La Dirección General de Tráfico (DGT) ha actualizado los criterios que afectan a las autocaravanas y a las furgonetas camperizadas, dos tipos de vehículos cuyo uso se ha disparado en los últimos años. La nueva instrucción precisa la periodicidad con la que deben someterse a la Inspección Técnica de Vehículos (ITV) y recuerda las diferencias entre estacionar y acampar, además de incorporar referencias a las áreas habilitadas para este tipo de movilidad.
Según los datos de ASEICAR y de la propia DGT, en 2025 se matricularon en España 6.067 autocaravanas y campers nuevas, lo que supone un descenso global del 6% respecto al año anterior. La caída se explica, sobre todo, por el retroceso de las furgonetas camper, que pasaron de 3.377 unidades en 2024 a 2.400 en 2025, un 29% menos.
El comportamiento de las autocaravanas, sin embargo, ha sido diferente. Este segmento mantiene una evolución positiva, con 3.667 matriculaciones en 2025 frente a las 3.082 registradas el año anterior, lo que representa un incremento cercano al 19%. Las caravanas tradicionales, por su parte, continúan a la baja, con algo más de 1.000 unidades vendidas en 2025 frente a las 1.189 de 2024.
La DGT recuerda que el auge del caravaning se intensificó tras la pandemia, cuando muchas personas buscaron fórmulas de viaje más autónomas, flexibles y alejadas del turismo convencional. Desde entonces, estos vehículos han ganado peso tanto en el sector turístico como en las nuevas formas de movilidad.
Cada cuánto deben pasar la ITV
La instrucción distingue entre autocaravanas y furgones vivienda o campers, ya que no están encuadrados en la misma categoría. Las primeras pertenecen a la categoría M, mientras que los furgones vivienda se incluyen en la categoría N, conforme al Real Decreto 920/2017, que regula la ITV.
En el caso de las autocaravanas, la inspección debe realizarse cada dos años una vez cumplidos los cuatro años de antigüedad. A partir de los diez años, la periodicidad pasa a ser anual.

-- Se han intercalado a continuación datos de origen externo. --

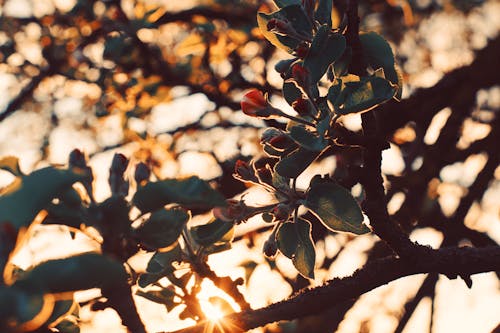 Free stock photo of apple tree, atmospheric, blue flowers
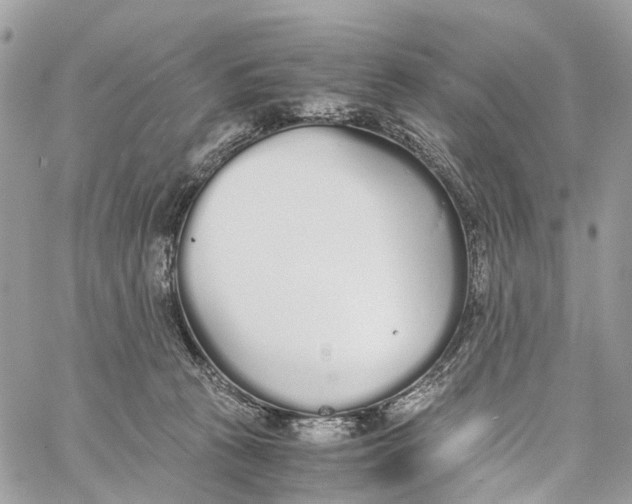 X0000060260273200511181402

Para las furgonetas camperizadas, la exigencia es mayor: deben superar la ITV todos los años desde el inicio y, cuando tienen más de diez años, la revisión pasa a ser semestral. Es decir, estos vehículos deberán acudir a la ITV cada seis meses una vez superada esa antigüedad.
Nuevas referencias a las áreas para autocaravanas
La DGT también actualiza la información relativa a la normativa autonómica sobre las áreas de acogida de autocaravanas, consideradas en algunas comunidades como una modalidad de alojamiento turístico. Entre las novedades se incluyen cambios normativos recientes en territorios como Navarra, Extremadura o la Comunidad de Madrid.

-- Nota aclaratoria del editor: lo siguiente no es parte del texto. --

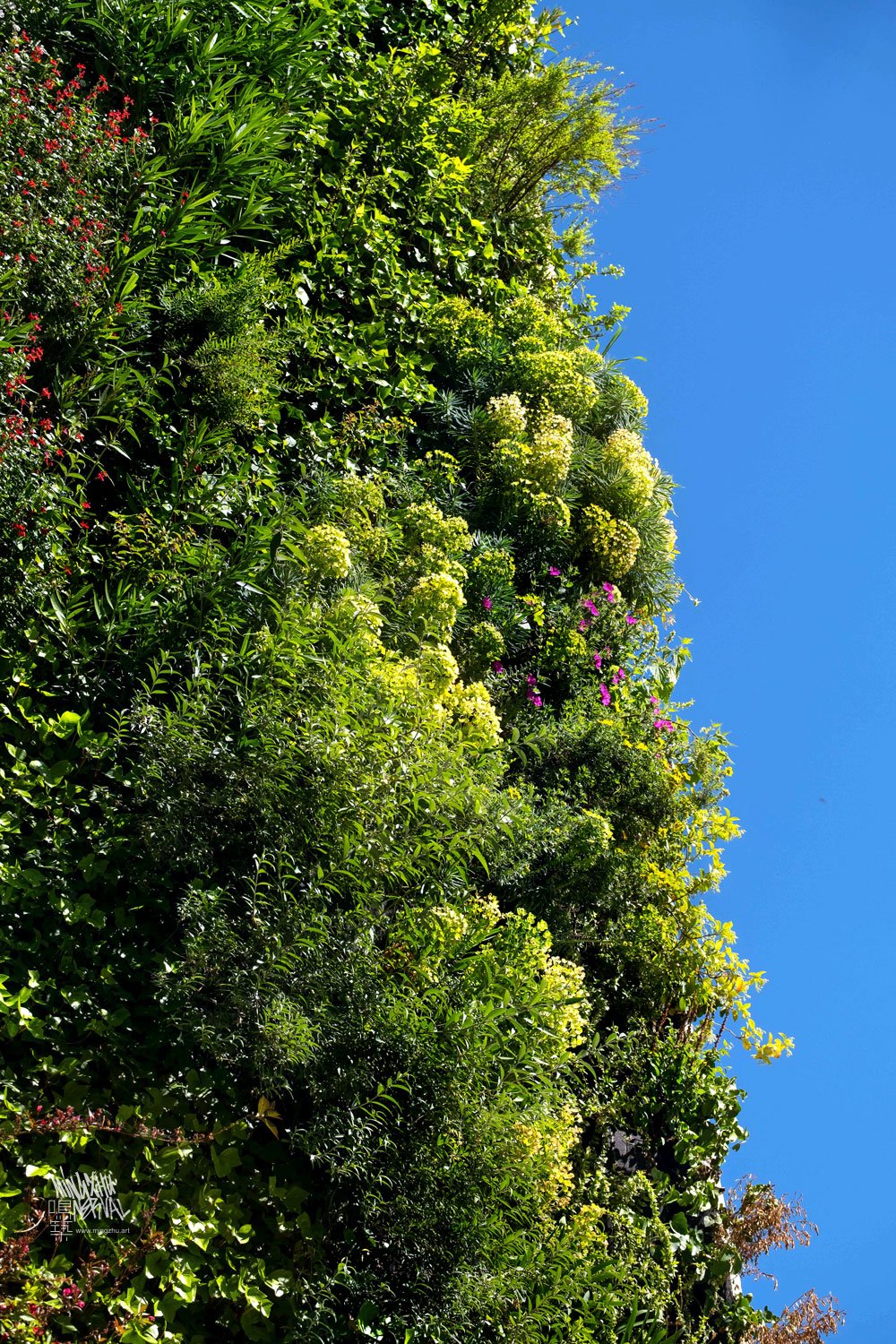 Mingzhu Nerval living wall mural in Macon, France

Estas zonas deben estar preparadas para prestar servicio específico a los usuarios de autocaravanas, con instalaciones adecuadas y una señalización clara. En este contexto, el Catálogo de Señales Verticales de Circulación incorpora en su actualización de 2025 la señal S-128, denominada “Punto de vaciado de caravanas y autocaravanas”, destinada a identificar los lugares habilitados para la evacuación de aguas residuales.

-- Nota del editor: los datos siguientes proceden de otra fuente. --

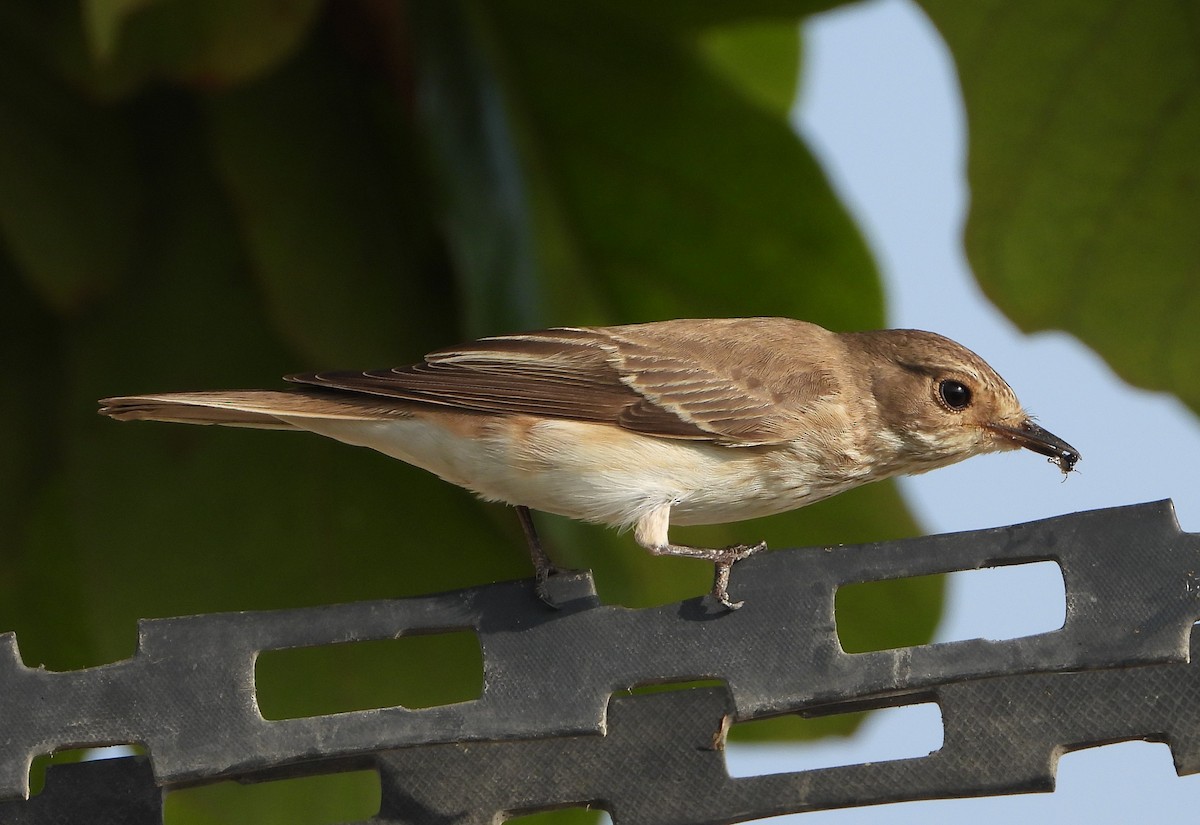 Spotted Flycatcher - ML624902729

Permisos, matrícula y seguro
La DGT recuerda que las obligaciones para circular con una caravana o remolque dependen de la Masa Máxima Autorizada (MMA). Cuando la MMA es igual o inferior a 750 kilos, basta con el permiso B, siempre que el conjunto formado por el vehículo y la caravana no supere los 3.500 kilos.
En esos casos, no es necesario matricular la caravana de forma independiente, ya que puede circular con la matrícula del vehículo tractor visible en la parte trasera. Tampoco se exige un seguro propio para el remolque.
La situación cambia cuando la MMA supera los 750 kilos. En ese supuesto, puede ser necesaria la autorización B96 si el conjunto no rebasa los 4.250 kilos. Si supera ese límite, será obligatorio disponer del permiso B+E. Además, el remolque deberá estar matriculado, llevar su propia placa roja junto a la del vehículo tractor y contar con un seguro específico.
Diferencias entre estacionar y acampar
Otro de los puntos que aclara la DGT es la diferencia entre estacionamiento y acampada, una cuestión habitual entre los usuarios de autocaravanas.
Una autocaravana se considera estacionada cuando permanece correctamente aparcada en una zona permitida, sin rebasar las marcas viales ni superar el tiempo máximo autorizado. El hecho de que haya personas en el interior no cambia esa consideración, siempre que la actividad no se extienda al exterior del vehículo.
Por el contrario, se considera acampada cuando se despliegan elementos fuera del perímetro del vehículo, como toldos, mesas, sillas, avances, calzos, soportes de estabilización u otros accesorios. En ese caso, solo puede realizarse en espacios expresamente autorizados, como campings o áreas habilitadas, de acuerdo con la normativa de cada comunidad autónoma.